The most glaring fact about our world today is the tremendous gap between the wealthy countries and the poor countries. This division of global society is sometimes referred to as the First World versus the Third World, the global city versus the global countryside, the West versus the East, the North versus the South. In one form or another, the conflict between these populations has been the principal contradiction in the world since at least the end of World War 2. First published in 1981 as a response to the World Bank’s Brandt Report, Teresa Hayter’s The Creation of World Poverty details the origins of the great global divide. Hayter’s book is part of a large body of political economy that took off in the post-World War 2 era. Often, this political economy was influenced by Maoist and Third Worldist world views. Although there are a few moments when she loses her nerve, and ends up sitting on the fence, the politics of the work as a whole are thoroughly Third Worldist. Hayter’s book can be placed alongside the work of other economists who have reached Third Worldist or quasi-Third Worldist conclusions, such as André Gunder Frank and Samir Amin.

Inequality between First and Third World

Even though her book was originally published in 1981 and, then, republished in 1990, much of its description of the world remains more correct than not today:

“The North including Eastern Europe has a quarter of the world’s population and four fifths of its income; the South including China has four billion people — three quarters of the world’s population but living on one fifth of the world’s income.” (1)

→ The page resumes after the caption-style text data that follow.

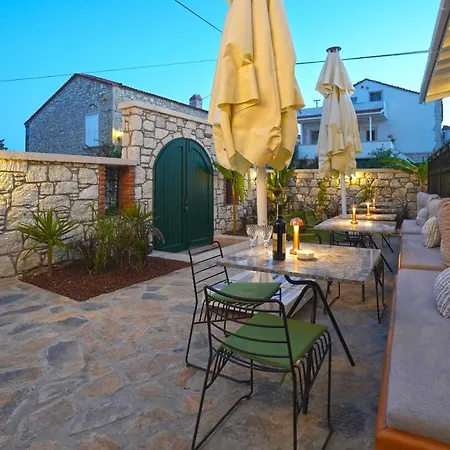 Pom Alacati Boutique Cesme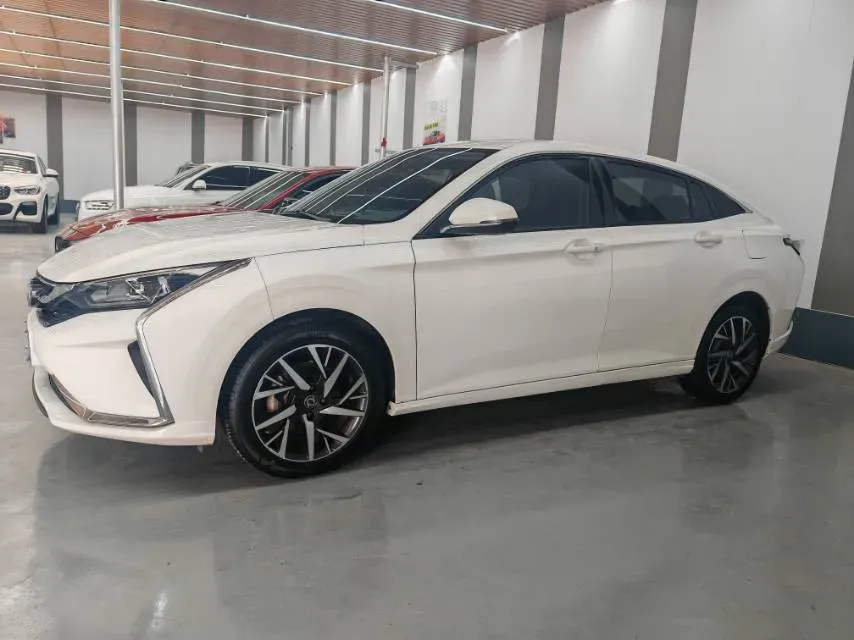 2020 DongFeng Aeolus YiXuan 1.5T 150HP L4 6DCT,autocango,china used car exporter,china ev exporter,chinese used car exporter,chinese used ev exporter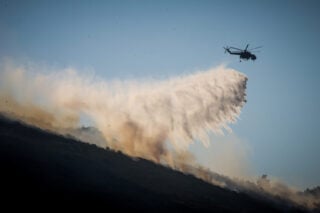 Φωτιά στον Ορχομενό – Στη μάχη έξι εναέρια μέσα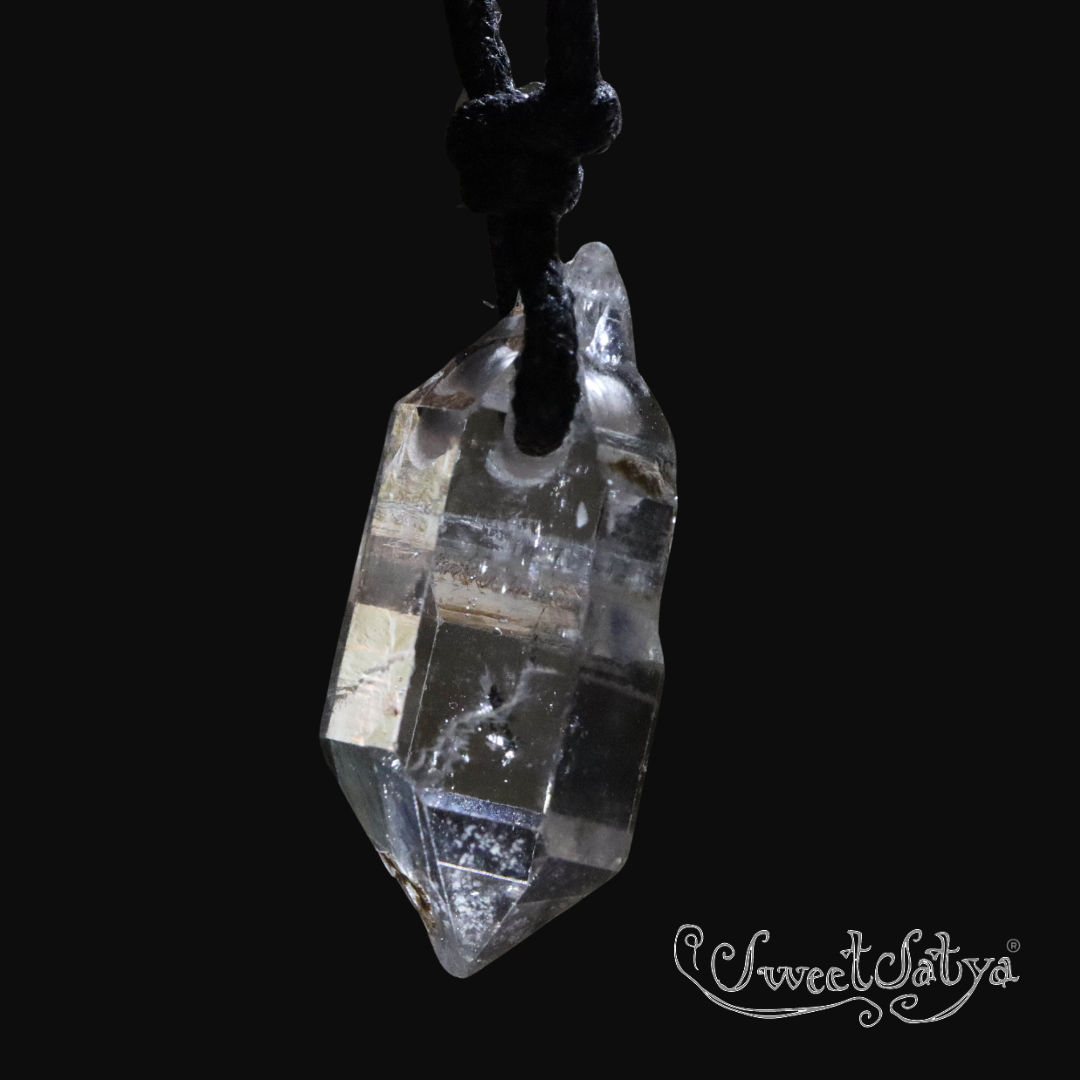 Himalayan Quartz Necklace for Women - Natural Healing Crystal Pendant Jewelry for Meditation, Yoga & Spiritual Balance | Gift for Her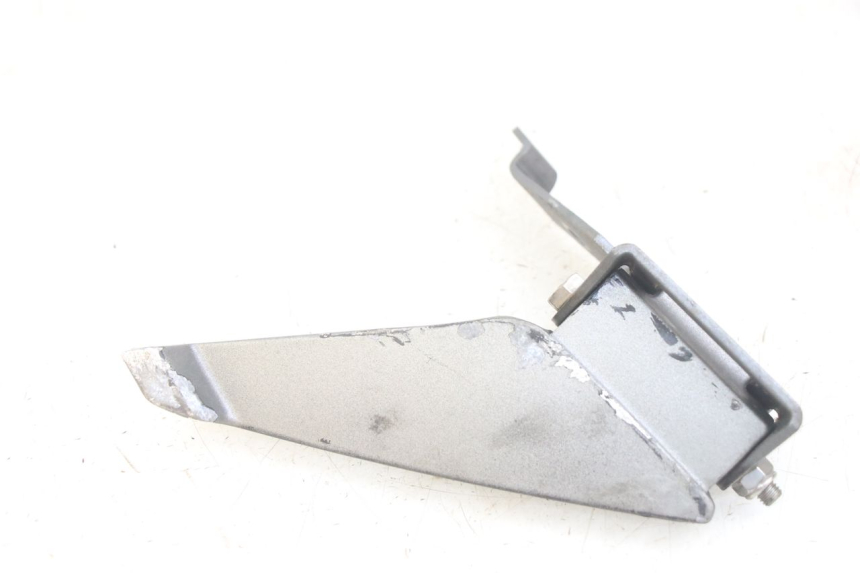 photo de REPOSAPIES TRASERA IZQUIERDA PEUGEOT GEOPOLIS RS 125 (2007 - 2009) - Zoom estado de uso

“Wage rates in underdeveloped countries are often one twentieth to one thirtieth of those in the richer countries for the same type of work.” (2)

“According to the estimates in the World Development Report, the average adult literacy rate in 1975 in the 18 most industrialised countries was 99 per cent; in the 38 ‘low income’ countries it was estimated to be 38 per cent. Average life expectancy in 1978 was 74 years in the former group and 50 years in the latter. The proportion of children of school age in secondary schools in 1977 was, respectively 87 per cent and 24 per cent. The average daily calorie supply per head in 1977 was, respectively, 3,377 (or 131 per cent requirements) and 2,052 (or 91 per cent of requirements). The population per doctor in 1977 was 630 in the former group and 9,900 in the latter… Energy consumption per head in the former group in 1978 was 7,060 (kilograms of coal equivalent); in the later it was 161.” (3)

Little has changed since 1981. The vast inequality between the First World and Third World continues in 2010. For example, the median income worldwide is about $2.50 a day. By contrast, a rough figure for median personal income per workday for people (working and non-working) in the United States over 15 years of age is $119. In addition, there are more people earning less than $0.80 a day in India than there are people in the United States. In addition, this disparity of income is greater than these daily figures indicate because Indians often work more hours per day. (4) And, conditions are not getting better. For example, since last year, 100 million more people have slipped into hunger. The number of hungry people has recently risen drastically in the Third World. Hunger  has risen 11 percent in the past year. The number of hungry people is estimated to have reached 1.02 billion according to a recent United Nations report. (5) Hayter notes that those living in the most dire circumstances were increasing when her book was written. She comments that, excluding the  Soviet and socialist blocs, there were 700 million destitute people at the time her book was written. Almost 40 per cent of the population of developing countries was destitute. (6)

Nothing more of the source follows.